Still, Cardinal Ramsey said Cardinal Farrell had a duty to investigate the rumors or speak to the Vatican’s ambassador in Washington.

“He made a clever ecclesiastical judgment, shall I say? His judgment was implicitly: Let’s not rock the boat,” he said, adding that’s “the kind of guy [he] is.”

It’s the magisterium’s desire for stasis that leads to years of sorrow for victims, say advocates. One Boston lawyer, Mitchell Garabedian, who represents hundreds of abuse survivors, told the BBC that, despite Francis’ efforts over the past several years, “there really hasn’t been any substantive change within the Catholic Church.”
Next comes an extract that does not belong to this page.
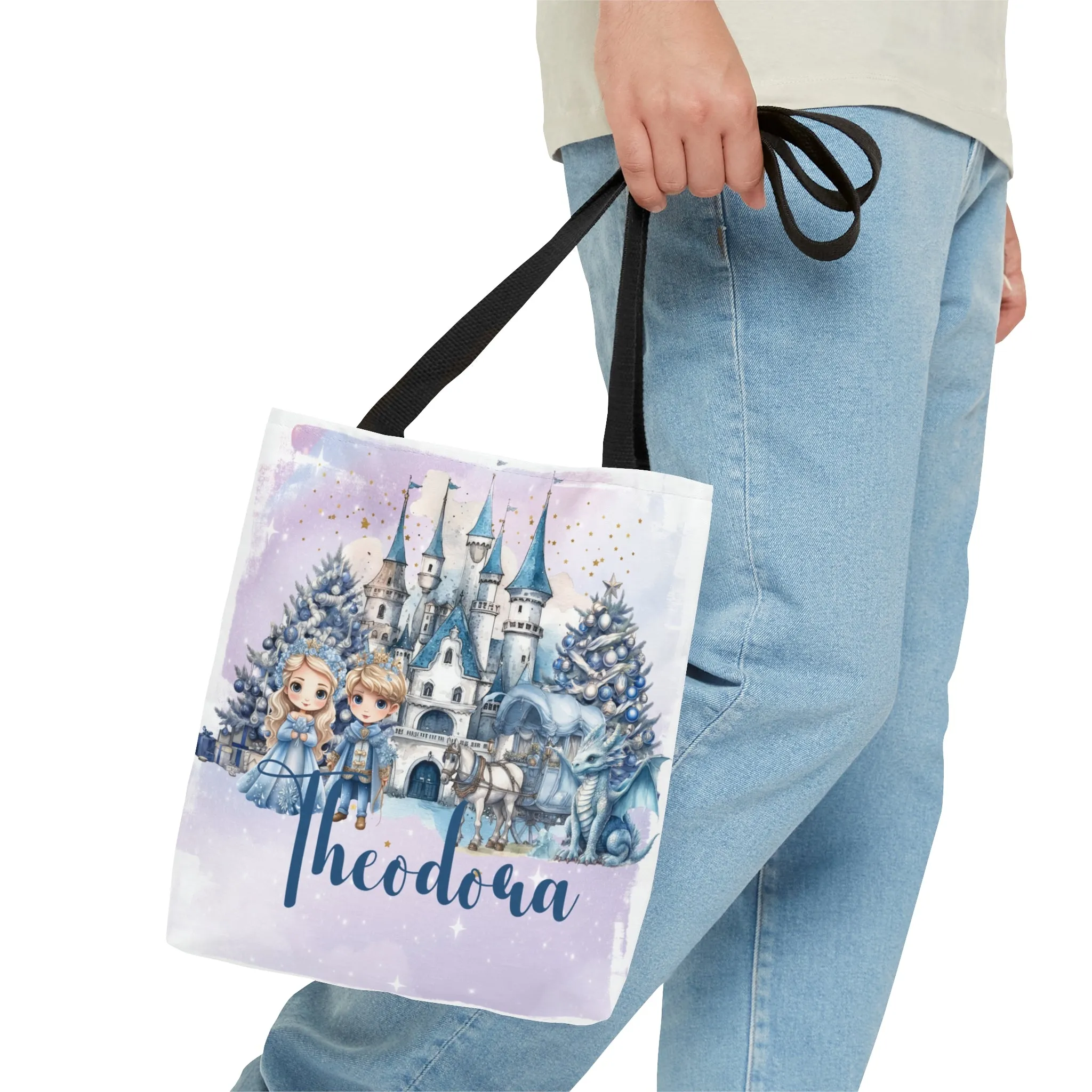 Personalised Tote Bag, Fairy-tale Christmas bag, Christmas Tote Bag, Personalised/Non-Personalised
He added, “Pope Francis said the right things, he meant the right thing, but the bureaucracy just shut him down.”

And “trying” isn’t good enough for SNAP, the group says. As Ms. Pearson bluntly put it: “Too many popes have promised change. This time, we want receipts.”

SNAP has filed formal “Vos estis lux mundi” complaints — the Vatican’s internal accountability process — against seven U.S. cardinals, alleging they mishandled abuse cases or protected abusers.

Shaun Dougherty, SNAP’s president, told London’s Guardian that those bishops now gathering at the Vatican, “including the 137 cardinals who will choose the next pope — collectively possess knowledge of thousands of abusive priests still serving in parishes and schools.”

Among those with knowledge, they say, is Cardinal Timothy Dolan of New York. SNAP insists that Dolan “left known offenders in ministry, approved secret payouts to abusive priests, withheld evidence of child rape from police, and fraudulently transferred $57 million to a cemetery fund to avoid paying settlements to abuse victims.”

Last week, the group led a protest outside Manhattan’s St. Patrick’s Cathedral, where survivors and advocates rallied with signs and statements demanding that cardinals linked to cover-ups be barred from voting in the conclave.

The Washington Times has reached out to the press offices of Cardinal Farrell and Cardinal Dolan for comment.

The church may choose to avoid seriously addressing these claims in the furor of Francis’ funeral and the swiftly approaching conclave, but even Cardinal Farrell’s supporters know concerns over his connection to McCarrick aren’t going away.

“I understand why people are asking,” Mr. Wilson, the Dallas professor, said of Farrell’s censure.

As camerlengo, Cardinal Farrell is set to play a ceremonial and administrative role in the conclave. He will oversee Francis’ funeral Saturday and the customary destruction of the papal ring before shepherding the cardinals into the Vatican’s Sistine Chapel for the vote.

“There’s a profound spiritual wound here,” Ms. Pearson said. “The church has a chance to begin healing it — or to deepen it, irreparably.”